The color of Earth's oceans has changed significantly over the past two decades, and these shifts are the result of human-driven climate change. They cannot be explained by natural variability alone and have affected over 56 percent of our planet's oceans, an expanse larger than the total area of land on our planet.
The color of Earth's oceans are a reflection of the organisms and minerals that lie within its waters. This means, though these color variations may appear subtle to the human eye, they undoubtedly indicate that marine ecosystems are in flux. Although what specific changes are occurring in these ecosystems aren't totally clear as of yet, the team behind the findings is certain human activity and its effects on climate are the cause.
"I've been running simulations that have been telling me for years that these changes in ocean color are going to happen," Stephanie Dutkiewicz, study co-author and senior research scientist from Massachusetts Institute of Technology's Department of Earth, Atmospheric and Planetary Sciences and the Center for Global Change Science, said in a statement. "To actually see it happening for real is not surprising, but frightening. And these changes are consistent with man-induced changes to our climate."
How does the ocean get its color?
The color of the ocean can be used as a gauge to assess what dwells in its upper layers. Deep blue waters, for instance, indicate an absence of life while green waters indicate the presence of plant-like microbes called phytoplankton that contain the green pigment chlorophyll.

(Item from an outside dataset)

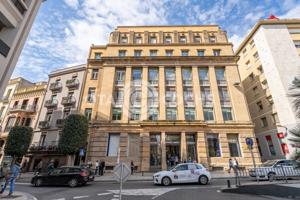 SE VENDE PISO DE 300 METROS CON MUCHAS POSIBILIDADES EN PLAZA DEL PRIM photo 0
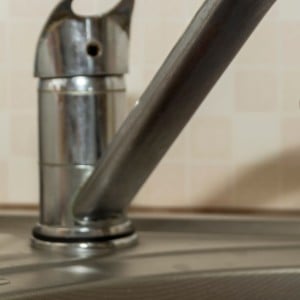 手が届かない「水栓の根元」の“細いすき間汚れ”をごっそり落とす掃除ワザ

Phytoplankton harvest sunlight and use carbon dioxide to create sugars via photosynthesis, thus forming the foundation of the oceanic food web. They're fed on by small creatures, like krill, which feed larger fish, which in turn feed seabirds and marine mammals.
Beyond feeding the oceans, this process of photosynthesis also means phytoplankton are vital in capturing and storing carbon dioxide from the atmosphere. Because carbon dioxide is a major greenhouse gas, scientists keenly monitor phytoplankton across ocean surfaces to see how colonies of this microorganism respond to climate change.
This is traditionally done by monitoring that green pigment, chlorophyll, which helps phytoplankton and plants harvest sunlight. Changes in chlorophyll can be seen in the ratio of blue versus green light reflected on the ocean surface, a balance that can be tracked with spaceborne satellites.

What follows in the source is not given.